A couple of months into her retirement from teaching, Janet continues to shape the field of Native North American art with new books and exhibitions. Equally she takes up the tireless, unseen labor of reading others’ drafts (sometimes, incomprehensibly, the same day they are sent) and writing the kind of informal, three-sentence email introductions that make good things happen. “Grandma emerita, that is me!” she jokingly signed at the end of a recent email concerning the dissertation of a talented student of mine who she has never met in person. For most scholars of Janet’s stature, steering a bright new generation through an opportunity desert amid accelerating political and ecological crises is an alien task. Her inexhaustible gift as a mentor is the license to wordlessly cry and create, to pause and watch with wonderment “the unfurling of a new part of me” (2).

Jessica Horton

Aldona Jonaitis

Janet Berlo – scholar, friend, artist, gourmet, and animal lover

I’ve known Janet for decades and have always been in awe of her many incredible abilities.  She is of course a brilliant scholar.  Her warmth and love as a friend have no limits. During my darkest moments she supported and helped me heal.  When some of us were young, we immersed ourselves in making art.  But as we discovered art history, we chose to study, interpret, and analyze instead of creating art.

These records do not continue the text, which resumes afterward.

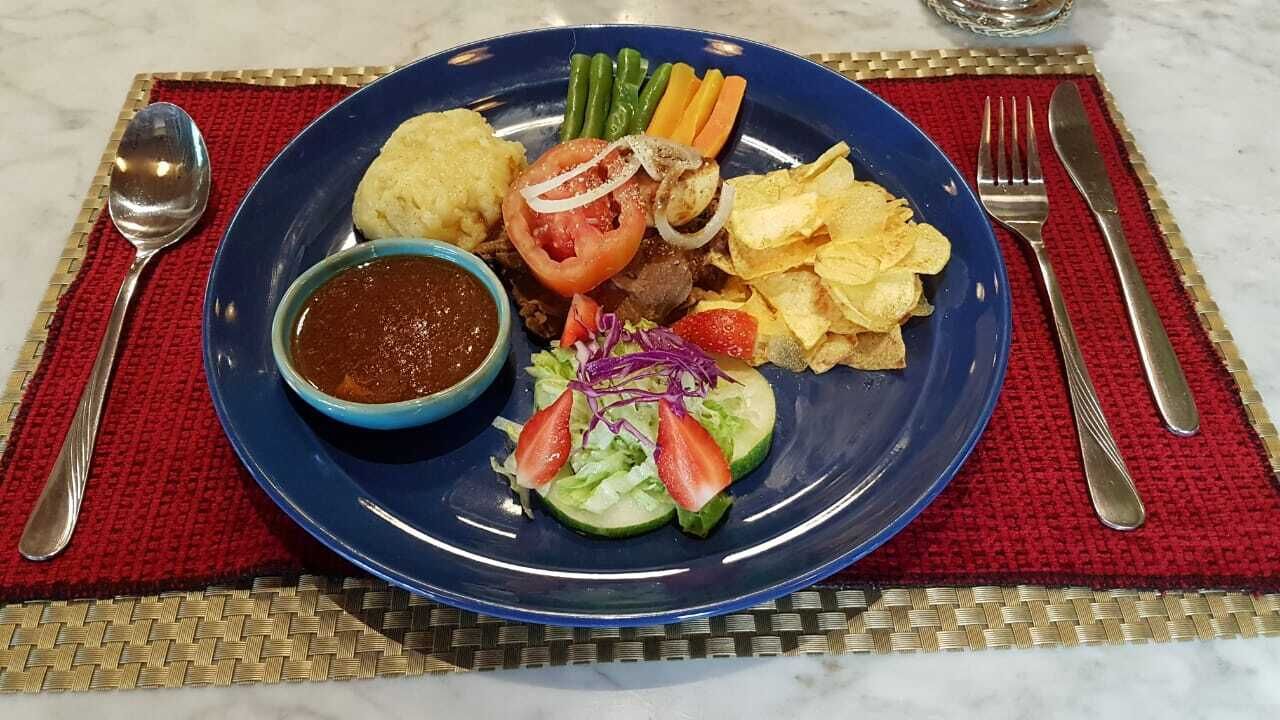 Um prato com uma variedade de alimentos, incluindo salada, batatas fritas e uma pequena tigela de molho, apoiado em um jogo americano vermelho.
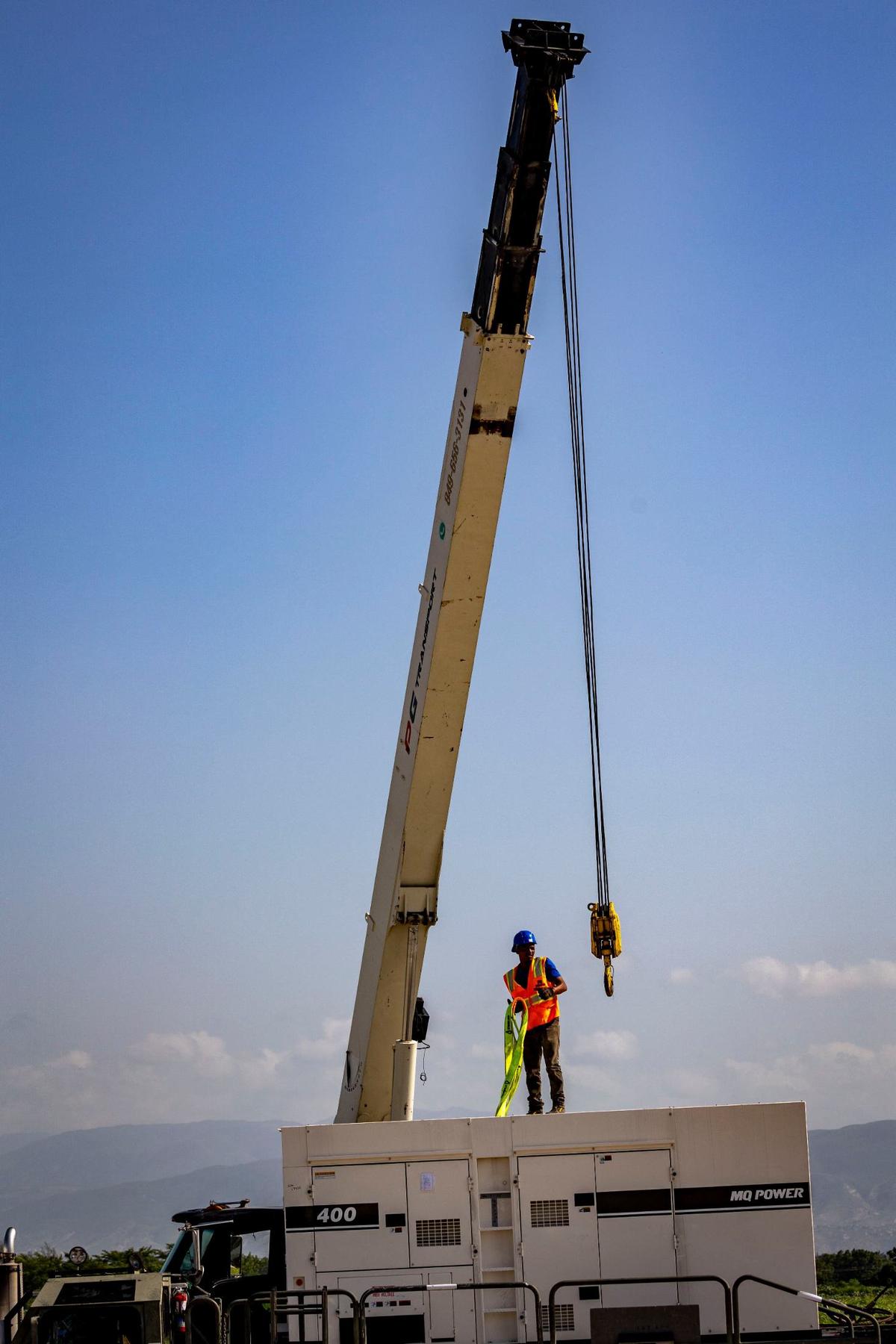 A Haitian airport worker prepares to hook up a newly delivered generator to a crane so it can be placed on a flatbed truck for transportation. On Wednesday, May 15, 2024 preparations were underway at Toussaint Louverture International Airport in Port-au-Prince, Haiti, for the imminent arrival of Kenyan police officers who are leading a Multinational Security Support mission into the country.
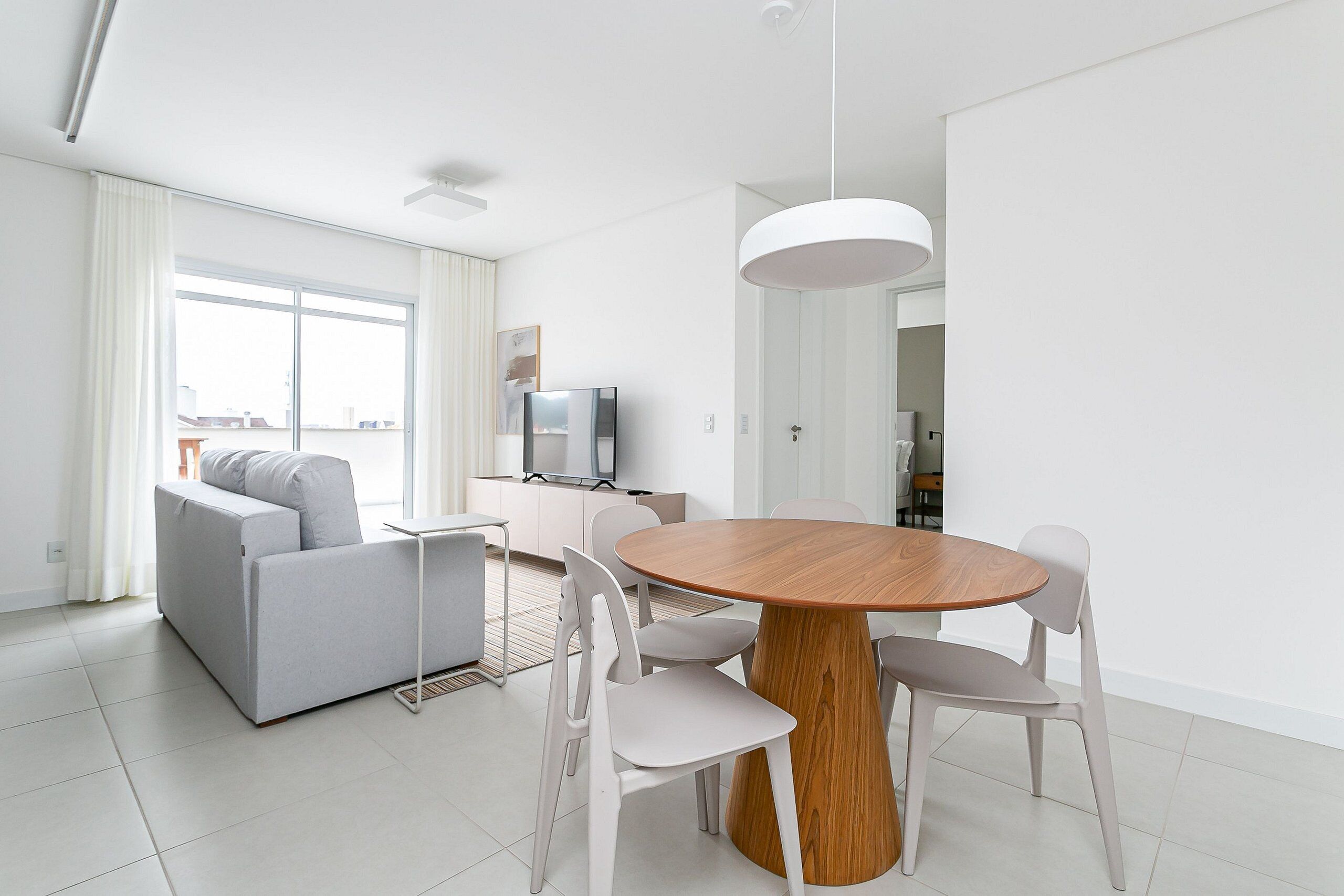 Un salón moderno con un sofá gris, una mesa de comedor redonda de madera y sillas blancas.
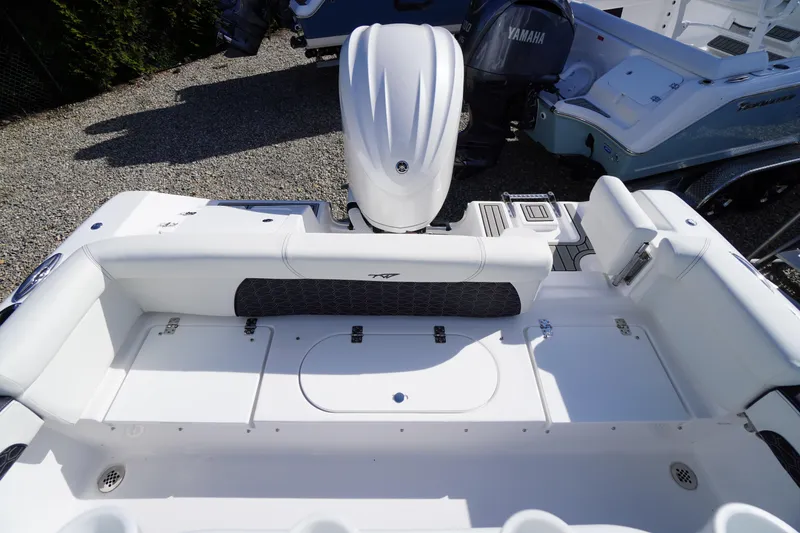 Slide: The Image of 2026 Tidewater 220 LXF boat interior with Yamaha engine, featuring spacious seating and storage. - 42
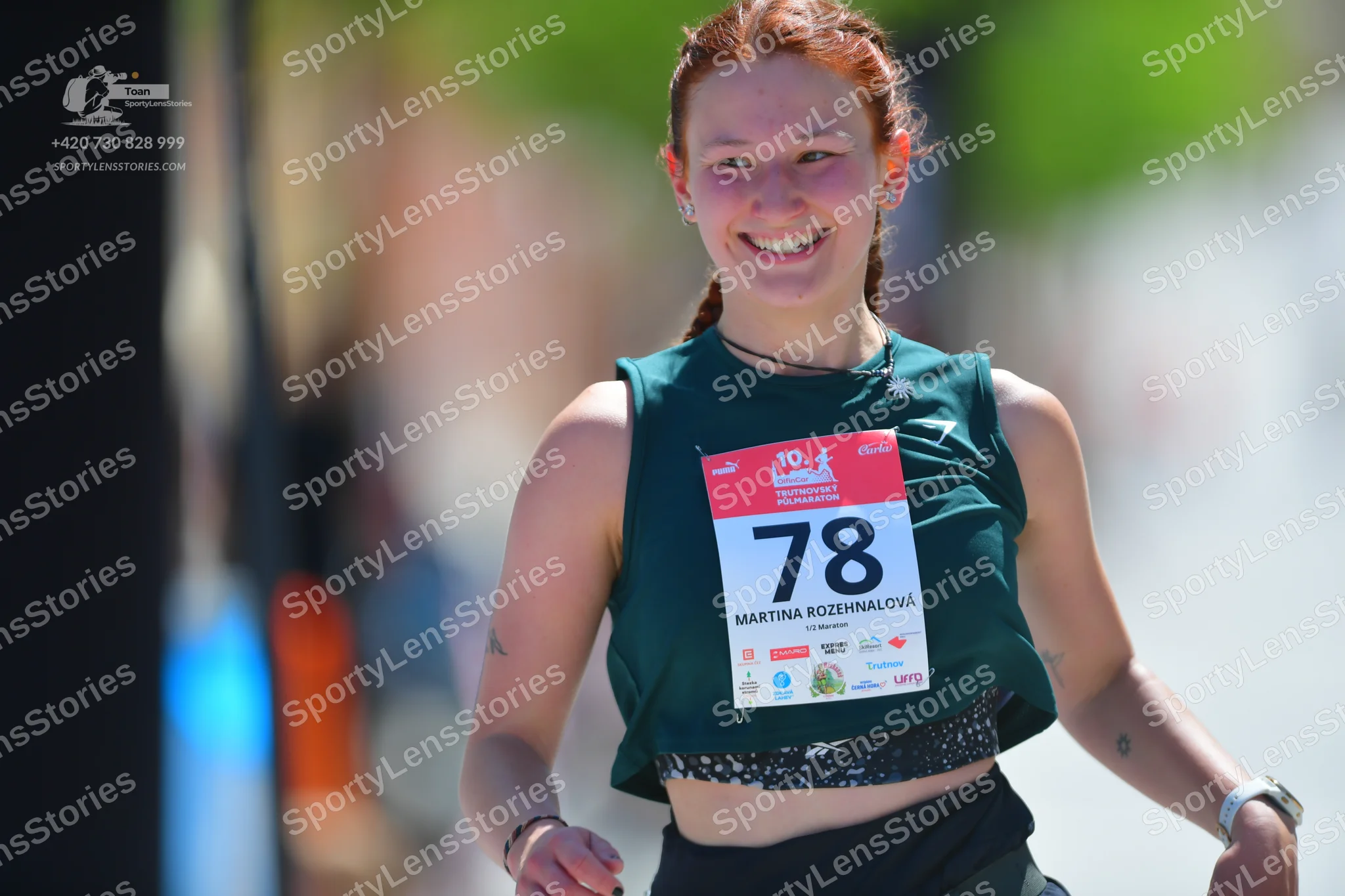 Marathon runner #78: Runner 1: dark green sleeveless crop top, black shorts, dark bracelet on right w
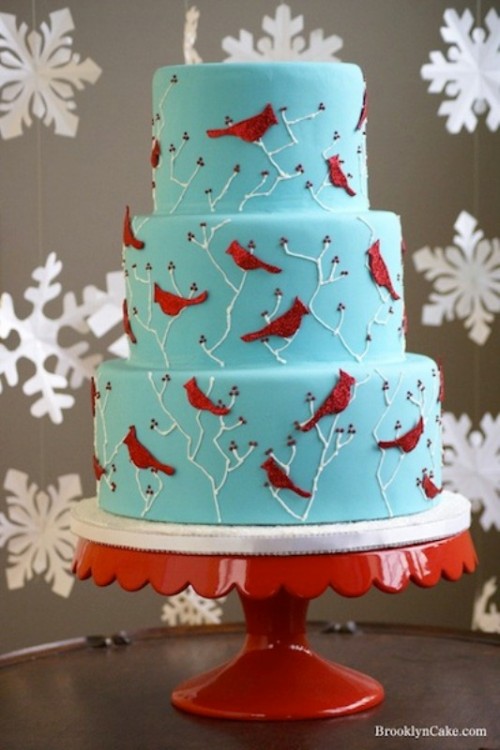 a blue wedding cake with white branches and red birds is a cool and bold idea for a bright winter wedding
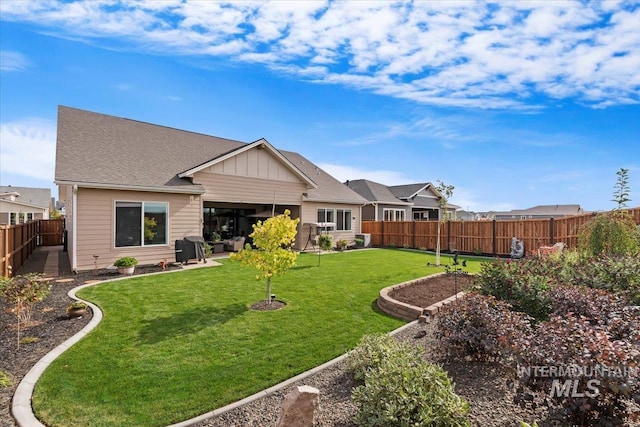 back of house with a patio, a lawn, board and batten siding, and a fenced backyard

But Janet never abandoned creativity – she remained an original artist of many works including colorful, dynamic textiles. She herself, dressed in imaginatively assembled clothing, is also a work of art. And, as anyone who has shared one of her meals can testify, Janet is also an artist of food. 

What has brought us even more closely together is our mutual love of dogs. I’ve adopted some dogs over the years, and so has Janet.  But she has, quietly and unassumingly, welcomed into her home damaged dogs who distrusted humans and rejected their love. One dog I met early in our relationship, Floop, a large Great Dane mix, had a difficult life about which I no longer know the details.  I do remember that when she arrived at her new home she found stairs too challenging to climb. Janet worked with Floop and the next time I visited saw a peaceful and content dog.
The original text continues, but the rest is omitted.